SUPPLIED MATERIAL: Begin
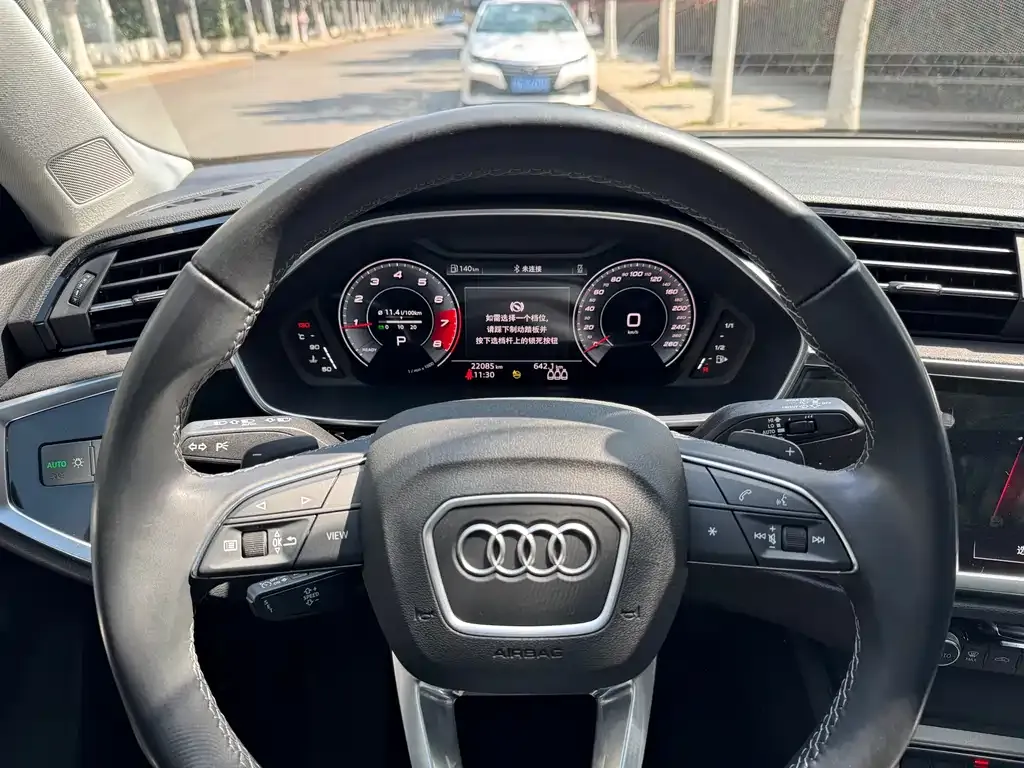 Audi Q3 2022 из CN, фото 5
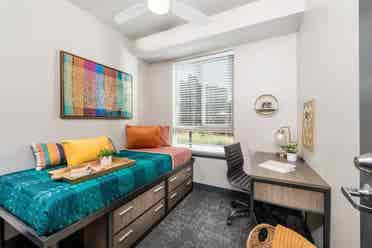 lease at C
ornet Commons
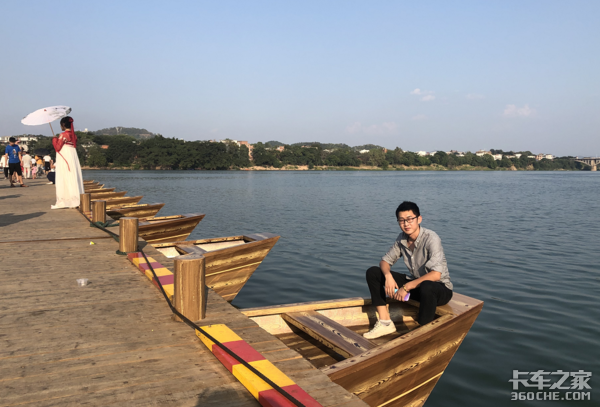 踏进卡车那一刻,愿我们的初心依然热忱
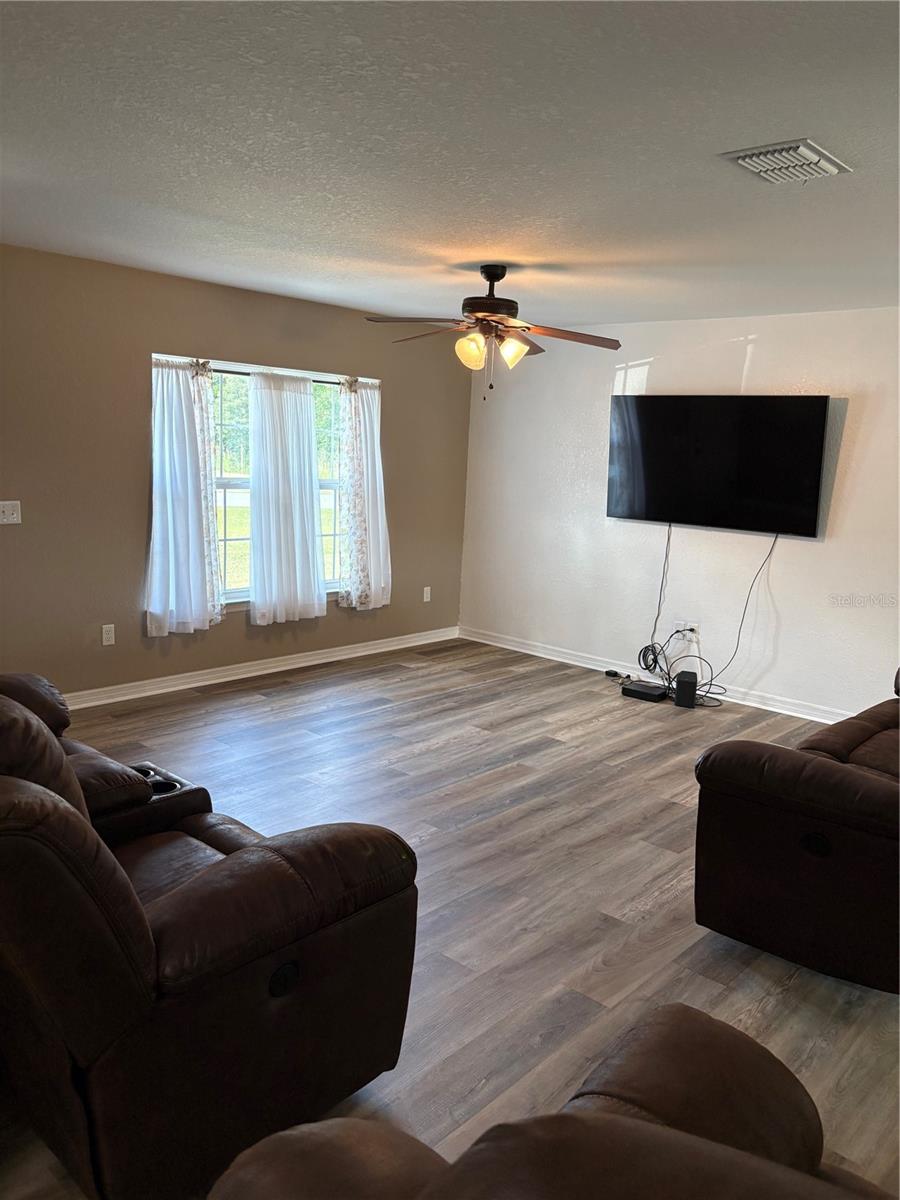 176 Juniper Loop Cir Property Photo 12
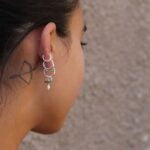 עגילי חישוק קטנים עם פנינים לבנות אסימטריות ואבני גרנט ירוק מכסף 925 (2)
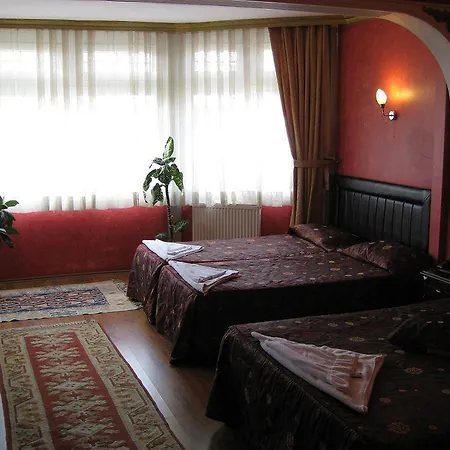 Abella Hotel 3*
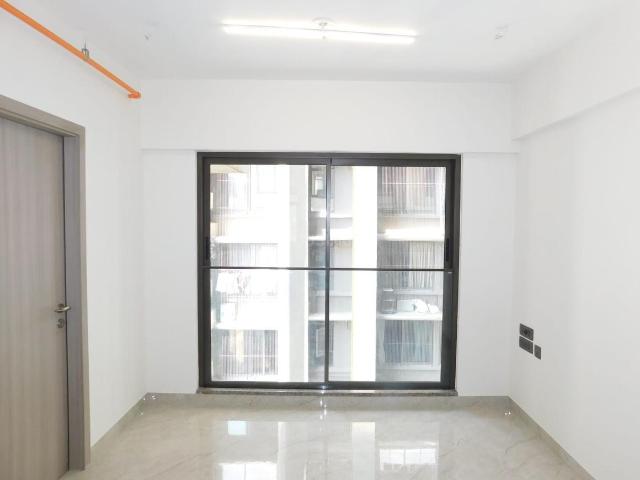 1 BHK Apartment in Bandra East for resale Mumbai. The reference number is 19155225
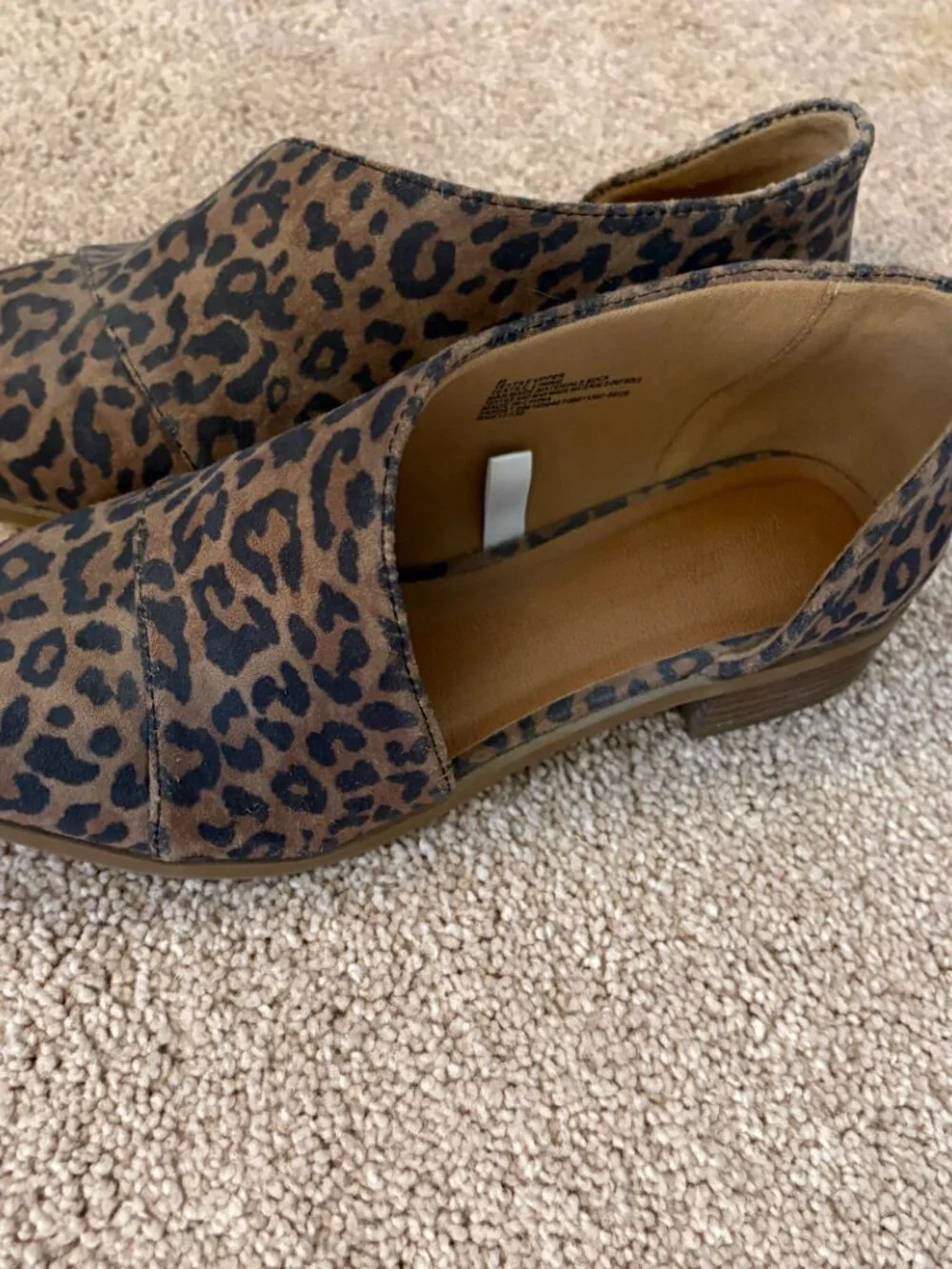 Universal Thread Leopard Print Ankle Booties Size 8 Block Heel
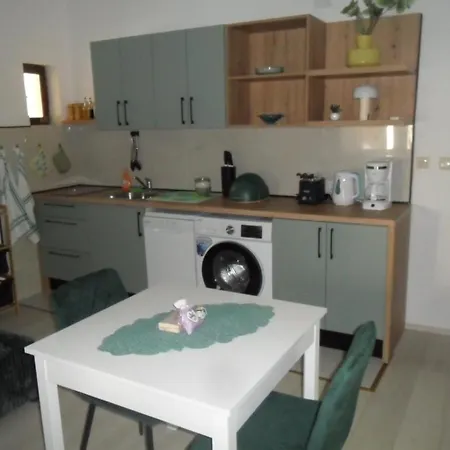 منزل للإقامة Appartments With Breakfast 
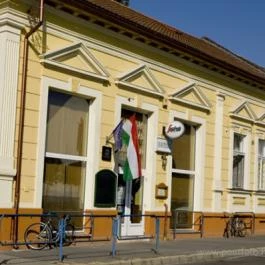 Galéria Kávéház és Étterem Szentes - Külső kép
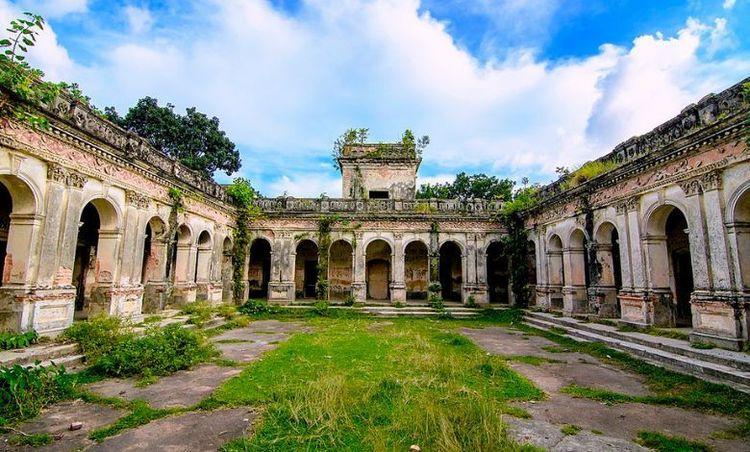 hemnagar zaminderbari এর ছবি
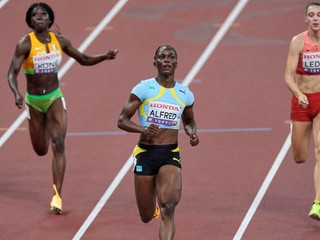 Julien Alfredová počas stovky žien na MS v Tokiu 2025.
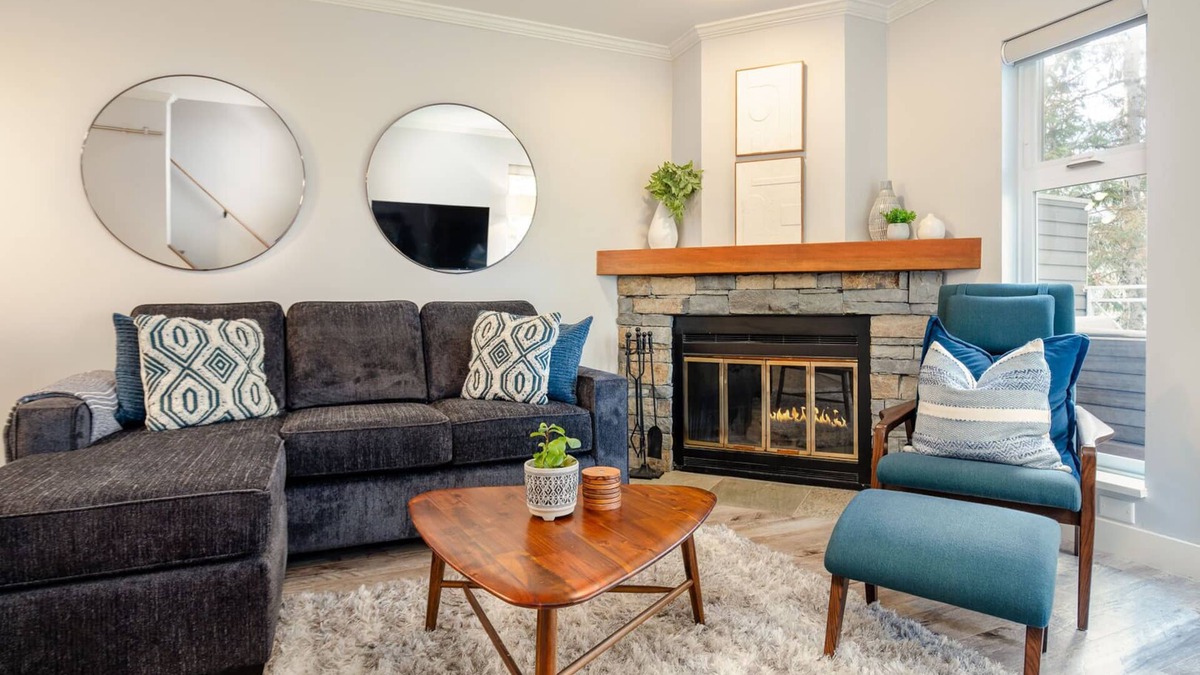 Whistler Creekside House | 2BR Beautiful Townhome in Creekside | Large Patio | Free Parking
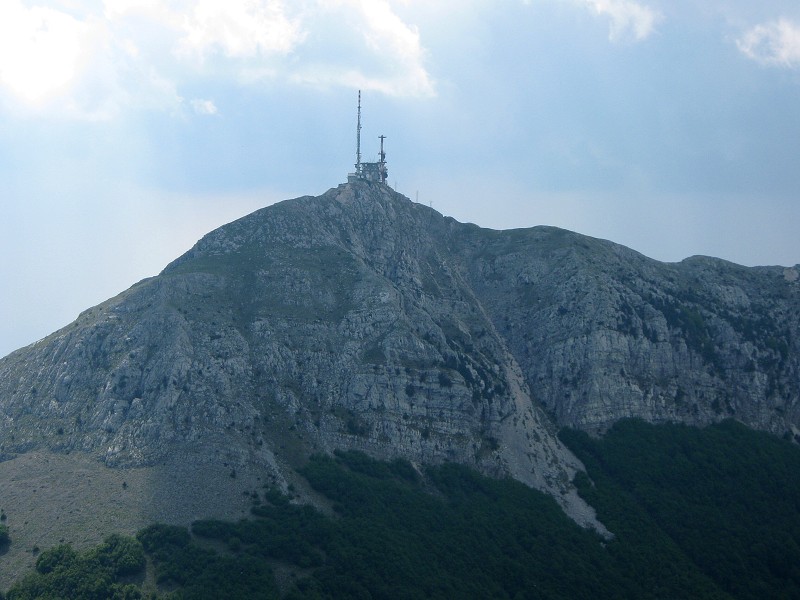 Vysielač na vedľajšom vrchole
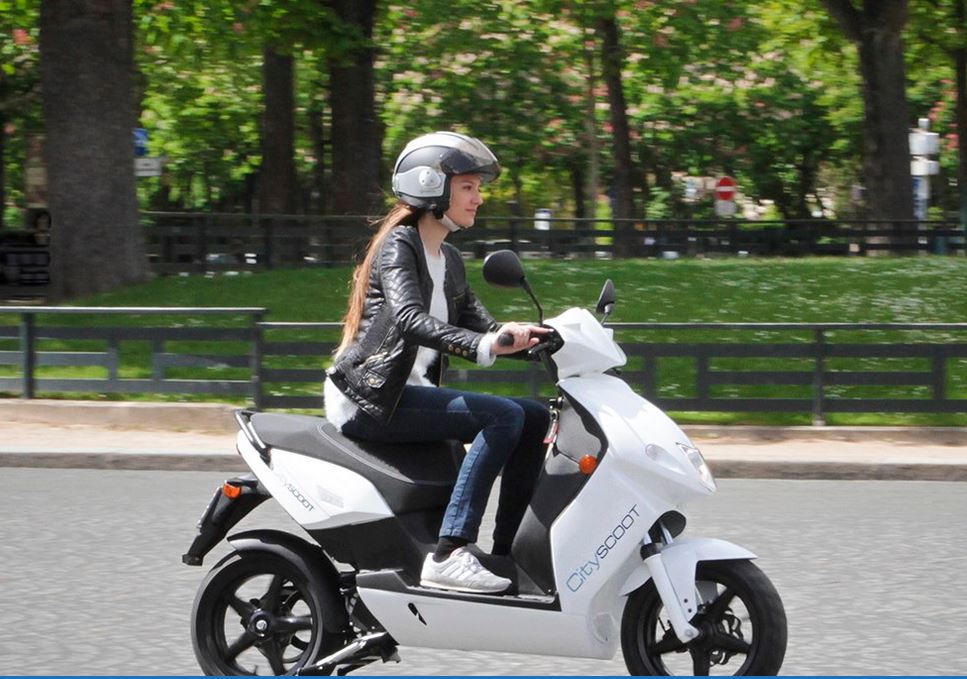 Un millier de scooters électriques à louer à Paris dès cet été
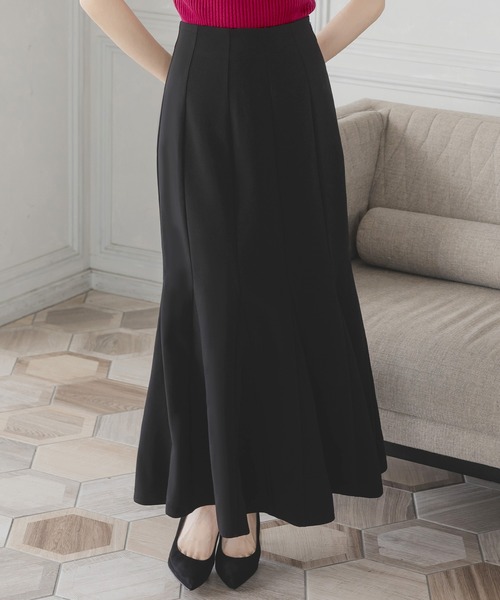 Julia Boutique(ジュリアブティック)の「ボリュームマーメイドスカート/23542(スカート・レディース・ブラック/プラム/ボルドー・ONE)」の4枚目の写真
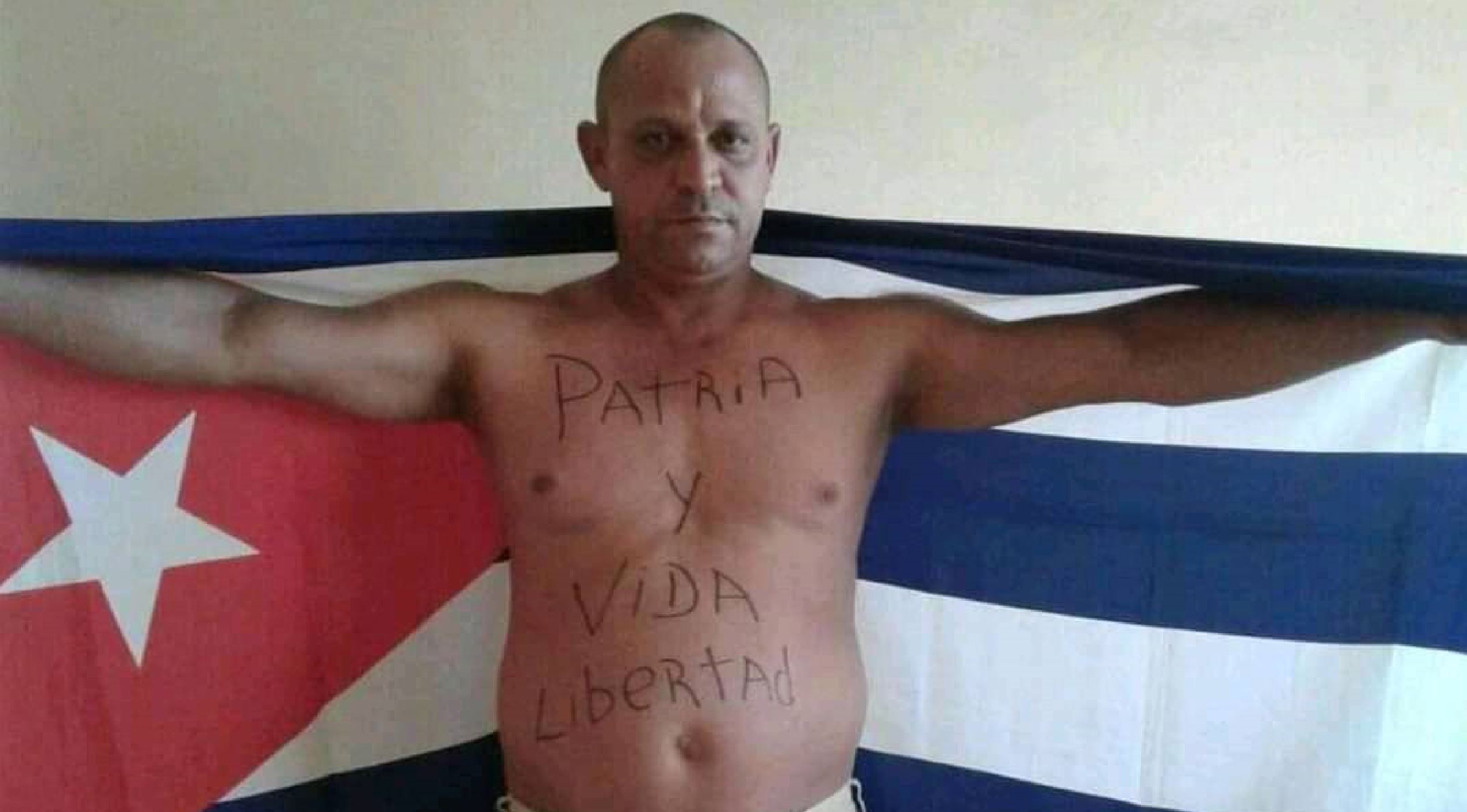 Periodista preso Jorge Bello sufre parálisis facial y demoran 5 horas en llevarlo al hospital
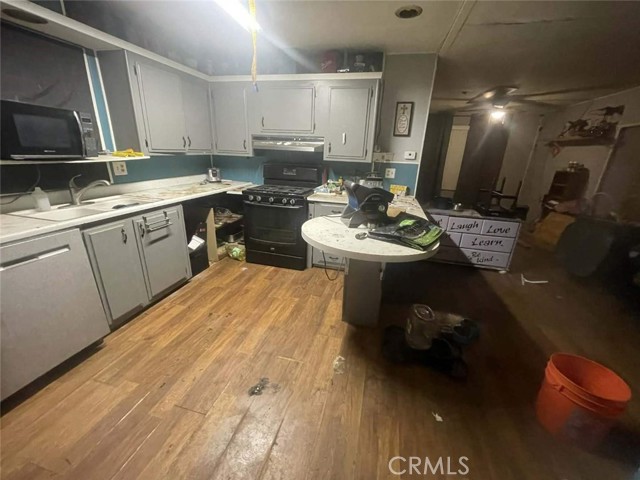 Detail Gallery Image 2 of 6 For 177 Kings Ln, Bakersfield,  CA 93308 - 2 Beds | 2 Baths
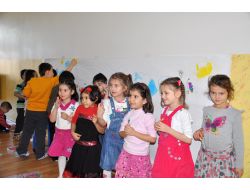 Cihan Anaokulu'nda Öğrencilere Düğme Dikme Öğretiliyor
SUPPLIED MATERIAL: End
_ACTIVITY_
Restate the records above exactly, less any pictures.

_RESULT_
 Audi Q3 2022 из CN, фото 5
 lease at C
ornet Commons
 踏进卡车那一刻,愿我们的初心依然热忱
 176 Juniper Loop Cir Property Photo 12
 עגילי חישוק קטנים עם פנינים לבנות אסימטריות ואבני גרנט ירוק מכסף 925 (2)
 Abella Hotel 3*
 1 BHK Apartment in Bandra East for resale Mumbai. The reference number is 19155225
 Universal Thread Leopard Print Ankle Booties Size 8 Block Heel
 منزل للإقامة Appartments With Breakfast 
 Galéria Kávéház és Étterem Szentes - Külső kép
 hemnagar zaminderbari এর ছবি
 Julien Alfredová počas stovky žien na MS v Tokiu 2025.
 Whistler Creekside House | 2BR Beautiful Townhome in Creekside | Large Patio | Free Parking
 Vysielač na vedľajšom vrchole
 Un millier de scooters électriques à louer à Paris dès cet été
 Julia Boutique(ジュリアブティック)の「ボリュームマーメイドスカート/23542(スカート・レディース・ブラック/プラム/ボルドー・ONE)」の4枚目の写真
 Periodista preso Jorge Bello sufre parálisis facial y demoran 5 horas en llevarlo al hospital
 Detail Gallery Image 2 of 6 For 177 Kings Ln, Bakersfield,  CA 93308 - 2 Beds | 2 Baths
 Cihan Anaokulu'nda Öğrencilere Düğme Dikme Öğretiliyor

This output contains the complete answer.